PlaywrightScraper kwargs:

  • browser_type: "chromium" | "firefox" | "webkit". Default: "chromium".
  • headless: Run browser headlessly. Default: True.
  • browser_args: Extra args passed to browser.launch().
  • context_args: Extra args passed to browser.new_context().
  • max_retries: Retry attempts per URL. Default: 3.
  • backoff_factor: Exponential backoff multiplier. Default: 2.0.
  • network_idle_timeout: Timeout in ms for the networkidle strategy. Default: 3000.
  • load_timeout: Timeout in ms for all other strategies. Default: 20000.
  • wait_for_selectors: CSS selectors to wait for after page load.
  • load_strategies: Loading strategy chain. Default: ["load", "networkidle", "domcontentloaded"].
  • no_retry_on: Status codes that abort retries immediately (e.g. [404, 410]). Default: None.

Instance Attributes

  • url (str): The URL this scraper was initialized with.
  • error (Exception | None): Set when a fetch fails under fail_fast=False in scrape_many. When set, html() returns "" and response_code() returns None.

Methods

All methods trigger a fetch (or cache restore) on first call. Subsequent calls return the cached/computed value.

async html() -> str

Raw HTML of the page. Returns "" if self.error is set.

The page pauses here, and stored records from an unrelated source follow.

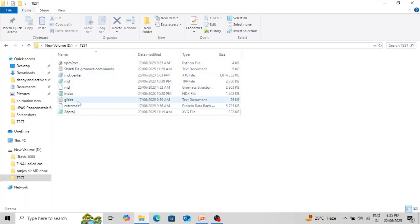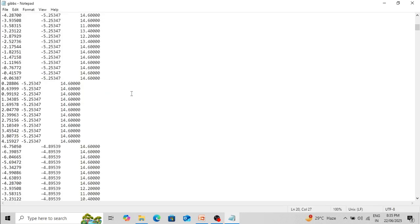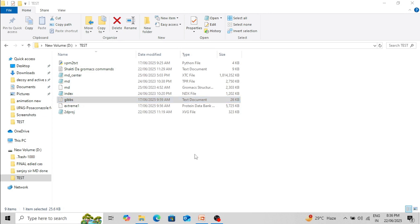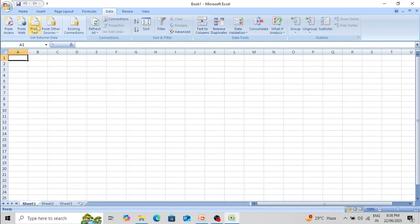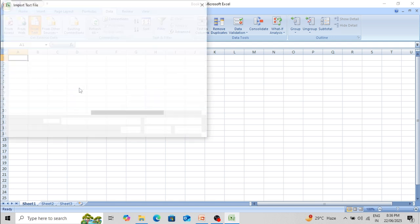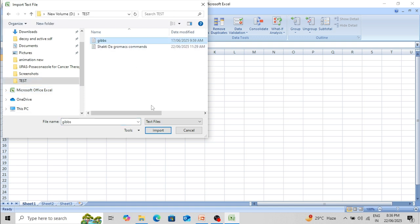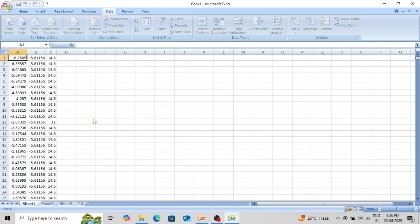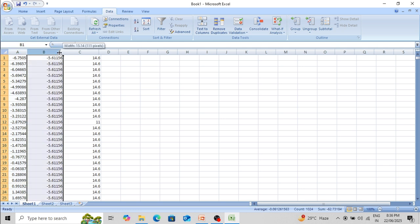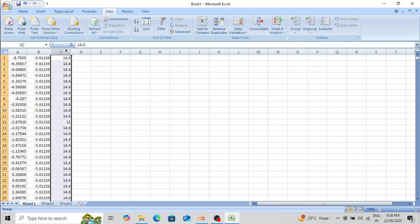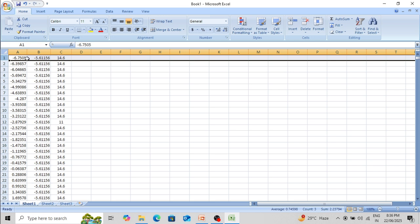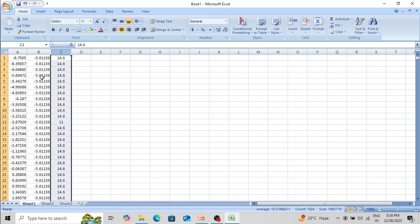In this folder you can see the gibs.txt file — it is present in text format. Let's open it in Microsoft Office Excel. Open Excel, then go to Data > From Text and select the gibs.txt file. You can see the first principal component, second principal component, and the free energy values. Now we want to see the conformation with the lowest free energy.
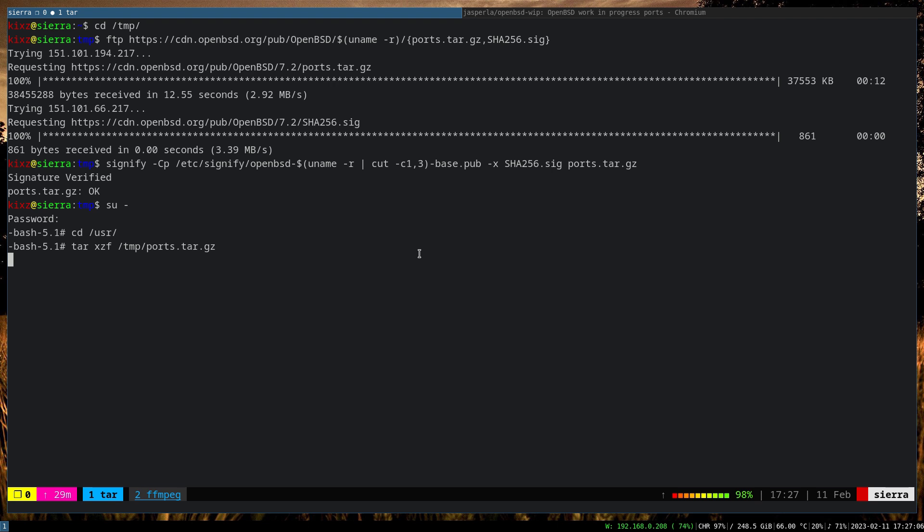So the only time you will need to switch to root user or run doas when it comes to the ports would be at the final stage where you do make install.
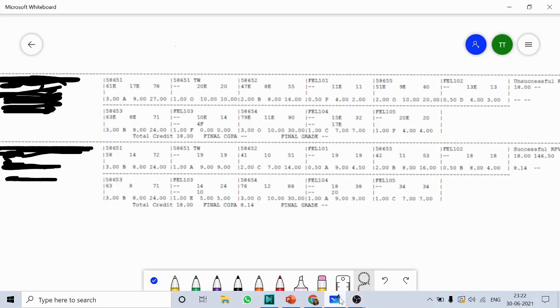Hello everyone, this is Tina Trivedi and I am with the video on how to read the result of Mumbai University. There are so many blocks you can see over here in your results, so this is Student 1.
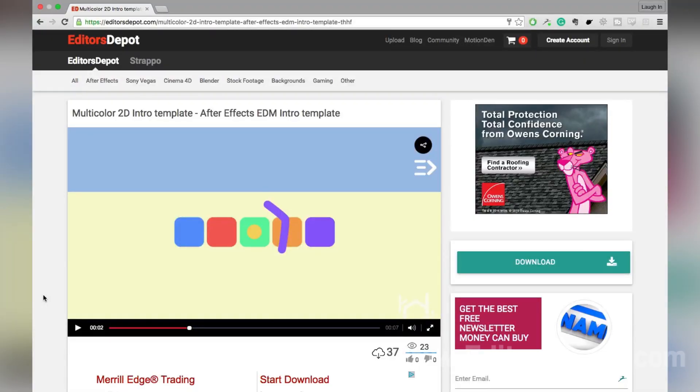Hey guys, this is Maurice from Editors Depot. Now I'm going to show you how to edit After Effects intro templates, 2D intro templates.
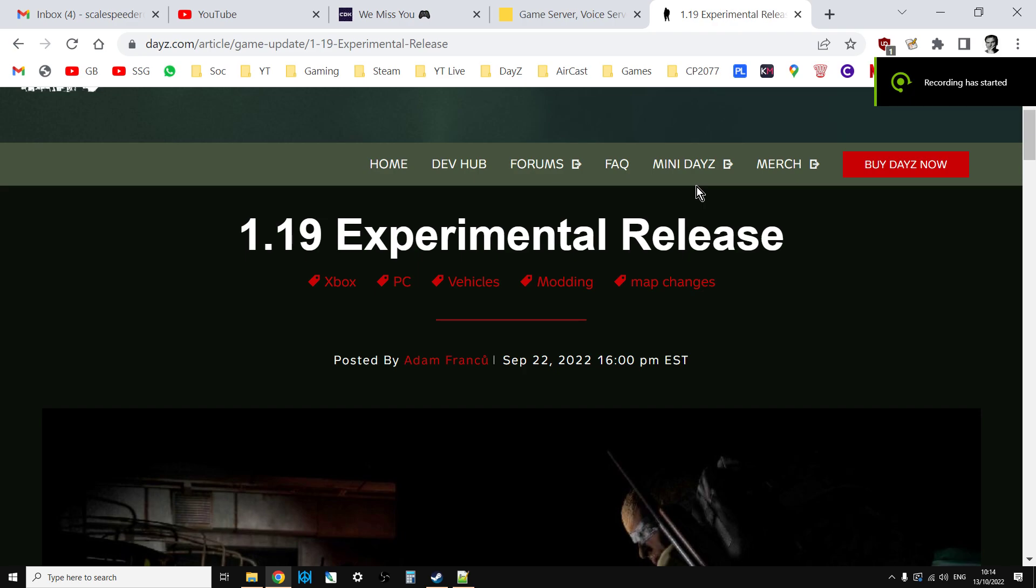Hi everybody, welcome back to DayZ. In this video I'm going to show you how to know whether you've had the new 1.19 update files applied to your community server and then we're going to look at how to update your server to 1.19.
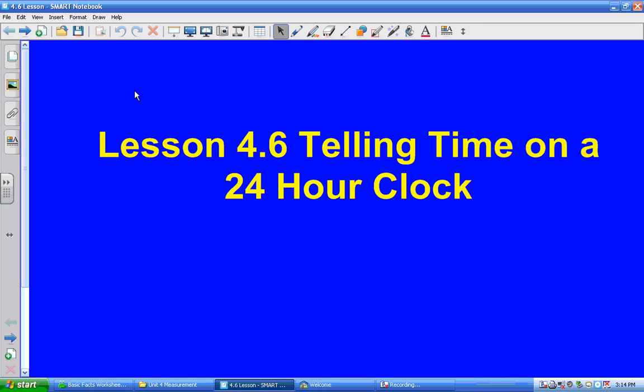Good afternoon students, and welcome to lesson 4.6. I can tell how much you want to learn. 4.6 is telling time on a 24 hour clock.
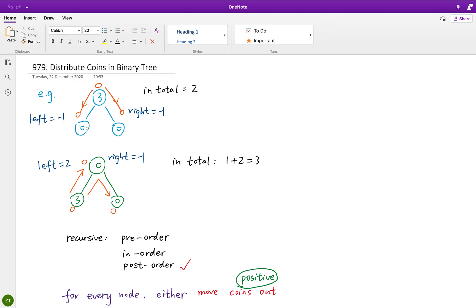In this example, both of its children do not have any coin, and it itself has three, so we have to move one to both of its children. In another example, one of its children has three coins, so we know we can get a coin from its children. As we do post-order, we can return something to its parent. If a node has zero coins, we need to somehow move in a coin — so it returns negative one, meaning it has to get a coin. For a node with zero coins that should have one, we also return negative one to its parent.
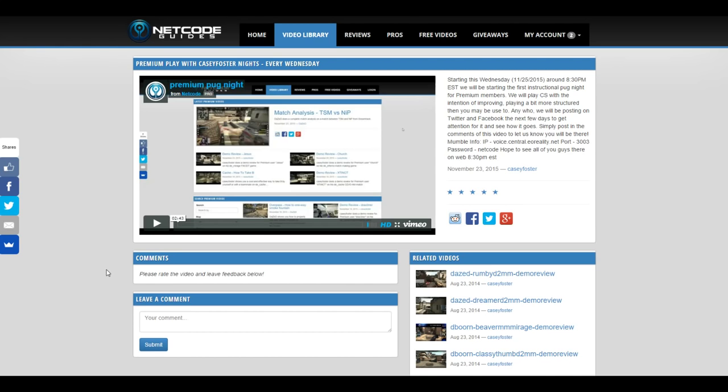Hey everybody on YouTube, this is Casey Foster at NetCoGuys.com. Just want to let everybody know that we are going to be starting a new event.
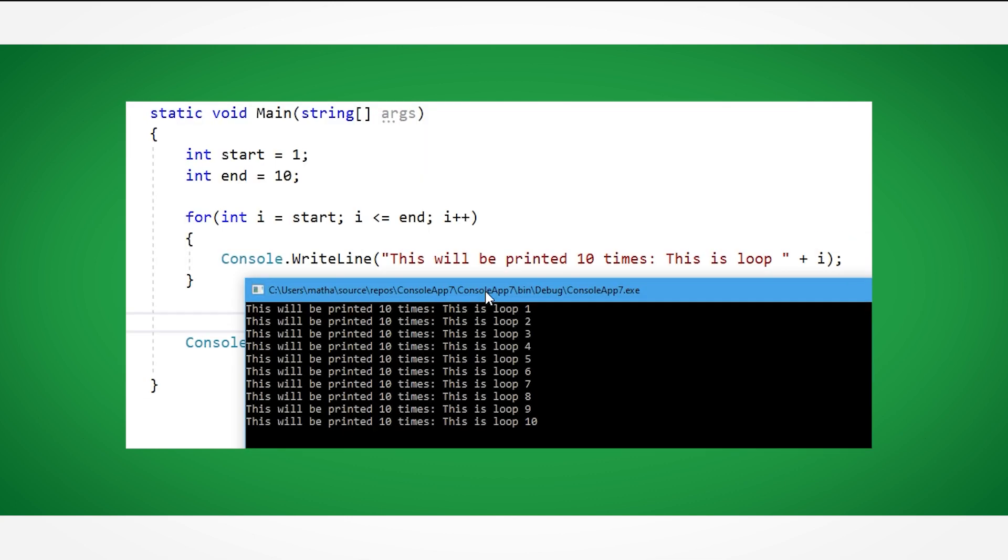Finally, we can also use variables instead of constants to choose our start and end values. Extremely useful if you want to loop a line of code, but that line needs to loop a different amount of times depending on the values in the program.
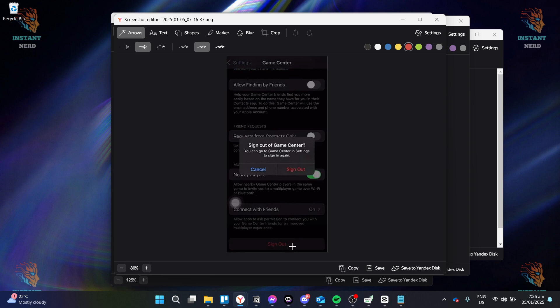After clicking on Sign Out, you want to click on Sign Out after this pop-up appears.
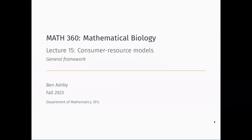Hello, welcome back to Math360. Today we are going to be moving on to consumer-resource models, which are a really common form of model in mathematical biology because they represent a wide range of species interactions.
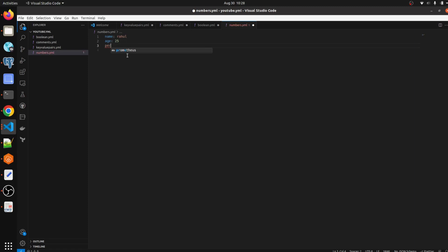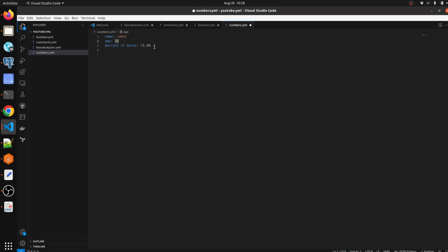Percent_of_marks: 71.90. This one is the floating data type. You can mention not just 71, you can mention anything like 0.276, whatever you want, like 99.07. You can write like this.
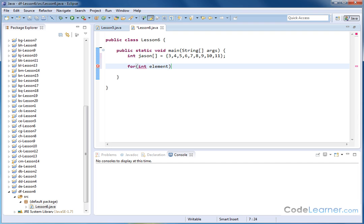Now, we're not going to set it equal to zero or anything like that. We're just going to do that. We're going to put a colon here, and then after that, we're going to put the name of the array that we want to search through. This time, the array is called Jason.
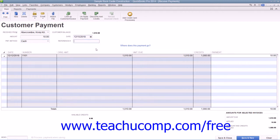When you're finished, click either the Save and Close or Save and New buttons to save the transaction and either close the window or clear it, leaving it open for additional transactions.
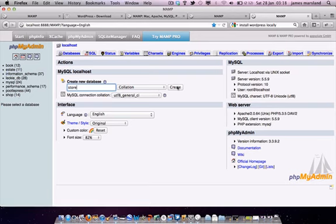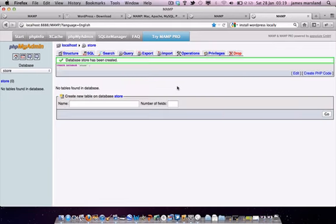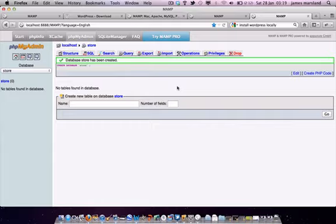And simply click the Create Database button along there. And now the database is being created. And essentially, we just need to go and configure the WordPress files to look for that database as the next step.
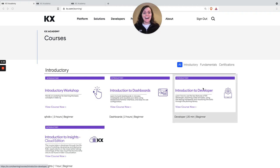Hi, I'm Michaela from the KX Evangelism team. I'm delighted to share with you the launch of our new courses on KX Academy.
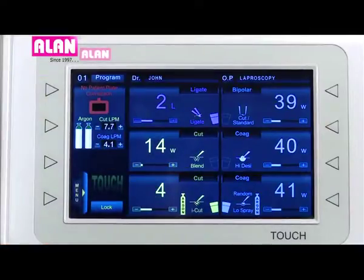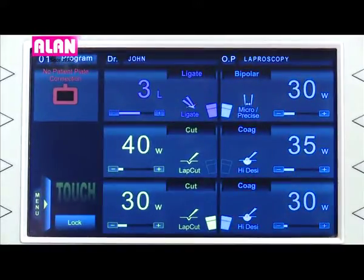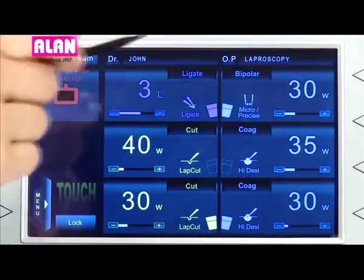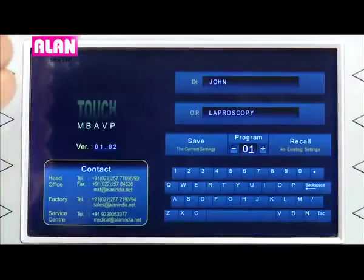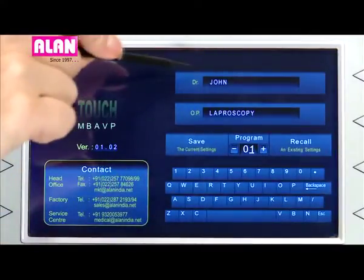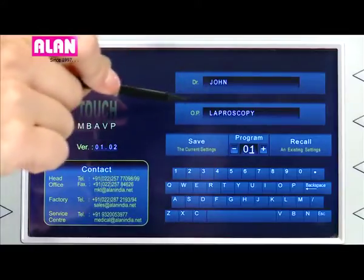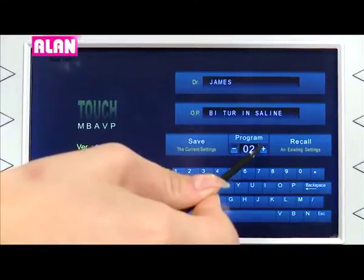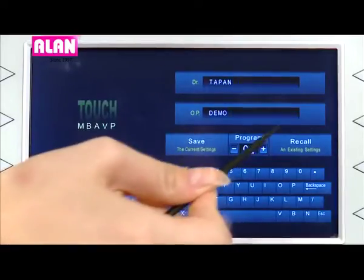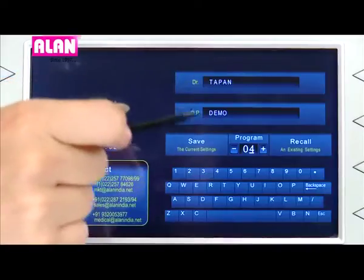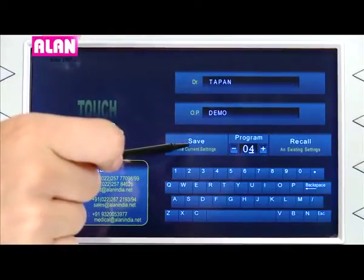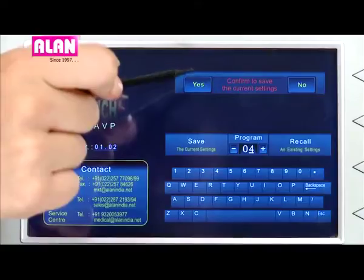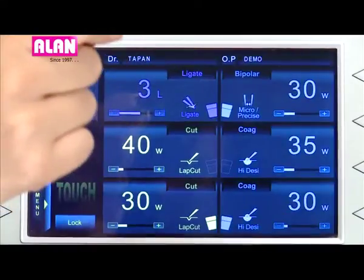The unit comes with 99 user-settable profiles. The user can store the current settings into any desired program number. To save to program 4, select the program number, enter the doctor's and procedure name, then touch and hold the save icon for a couple of seconds and touch Yes for confirmation.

async response_code() -> Optional[int]

HTTP status code. Returns None if self.error is set.

async response_headers() -> dict

HTTP response headers from the final response. Cached alongside HTML.

async redirect_chain() -> list

Full list of responses during navigation. Each entry: {"url": str, "status": int}. Cached alongside HTML.

[
    {"url": "https://example.com/old", "status": 301},
    {"url": "https://example.com/new", "status": 200},
]

async final_url() -> str

URL of the last entry in redirect_chain(). Falls back to self.url if chain is empty.

async markdown() -> str

Page content converted to Markdown via html2text. Respects markdown_options.

async text() -> str

Plain text extracted via newspaper4k.

async authors() -> list

Authors detected by newspaper4k.

async article() -> newspaper.Article

Full newspaper.Article object with parsed content.

async soup() -> BeautifulSoup

BeautifulSoup object parsed from the HTML.

async seo() -> dict

SEO metadata parsed from the HTML. All keys are omitted if the corresponding tag is absent.

{
    "title": str,           # <title>
    "description": str,     # <meta name="description">
    "canonical": str,       # <link rel="canonical">
    "robots": {             # <meta name="robots"> — directives as keys
        "noindex": True,
        "nofollow": True,
    },
    "googlebot": { ... },   # <meta name="googlebot">, same shape as robots
    "og": {                 # <meta property="og:*"> keyed by suffix
        "title": str,
        "description": str,
        "image": str,
        "url": str,
    },
    "twitter": { ... },     # <meta name="twitter:*">, same pattern
    "hreflang": {           # <link rel="alternate" hreflang="..."> — values are lists
        "en-us": ["https://..."],
        "de": ["https://..."],
    }
}

@classmethod async fetch_bytes(url, cache=False, clear_cache=False, ttl=999, dynamodb_table=None, logging=True, **kwargs) -> Tuple[bytes, int, dict]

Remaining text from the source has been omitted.